The report makes for bracing reading. Funding an increase in spending equal to 10 percent of GDP—the cost of the most robust single-payer option—by an increase in labor taxes alone would require the average tax rate paid on labor income to more than double, from 17.7 percent in 2020 to 38.4 percent in 2030. Conversely, using a progressive income tax that applies to both labor and capital would triple capital gains average rates, from 15.4 percent in 2020 to 45.4 percent in 2030.
As for the economic effects of all these tax increases, this figure from CBO’s report last March speaks for itself:
Given this across-the-board drop in economic growth, little wonder that CBO’s report this February concluded that—even after taking into account the supposed benefits of single-payer in isolation—the program, when combined with its funding mechanism, “would reduce GDP by 2030 by between 1.0 percent and 10.0 percent” depending upon the details of each. CBO also noted that “hours worked would be lower for most households across the income distribution,” regardless of the specifics of the system implemented.

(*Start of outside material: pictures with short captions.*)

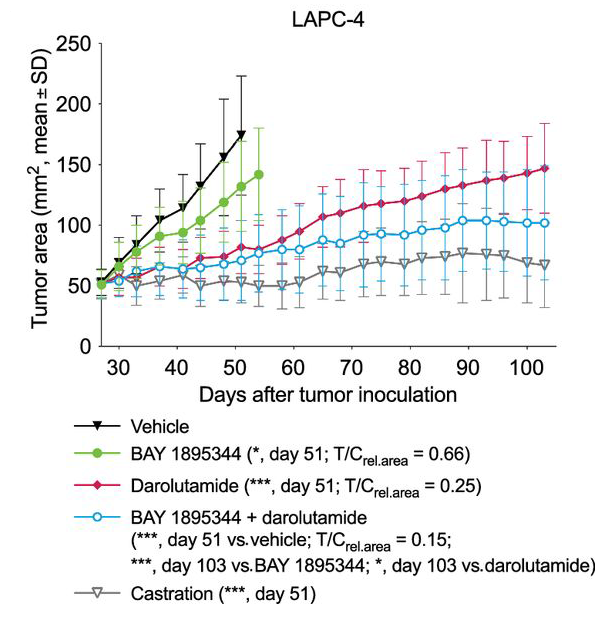 BAY 1895344 plus darolutamide combination treatment improved antitumor efficacy in a human prostate cancer model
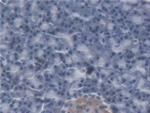 NGAL Antibody in Immunohistochemistry (Paraffin) (IHC (P))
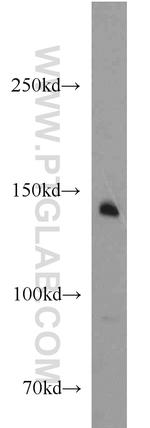 RON/MST1R Antibody in Western Blot (WB)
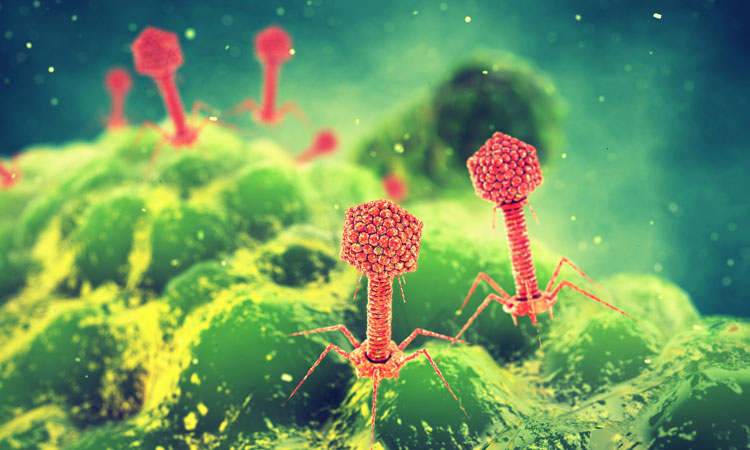 bacteriophage therapy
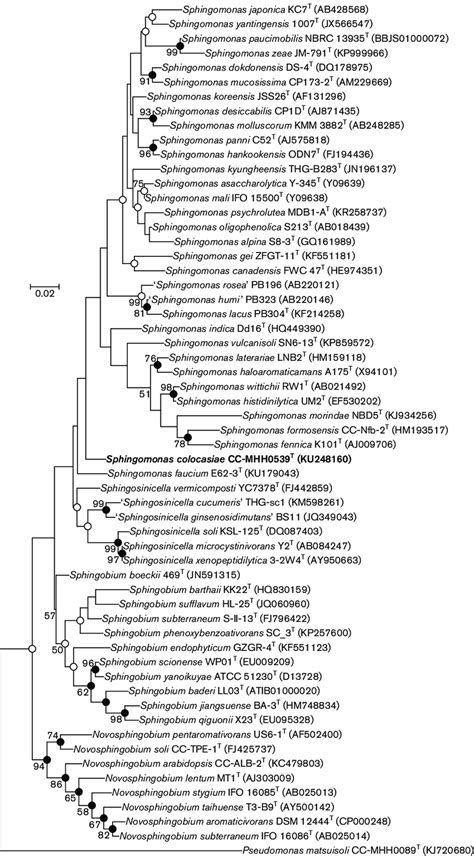 Phylogenetic Analysis Based On 16s Rrna Gene Sequences Of Sphingomonads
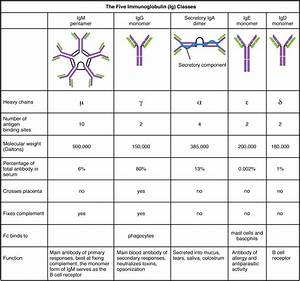 The Adaptive Immune Response B Lymphocytes And Antibodies Anatomy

It’s enough to wonder why a place like California would even think about voting on a single-payer system as recently as a few short weeks ago. The nation continues to suffer from a nationwide labor shortage, yet California legislators wanted to pass legislation that would further reduce the labor supply—and crush economic growth for years to come.
At the last minute, lawmakers in Sacramento mercifully came to their senses for once, shelving the single-payer legislation for this year. Residents should hope that its death becomes as permanent as it was quick.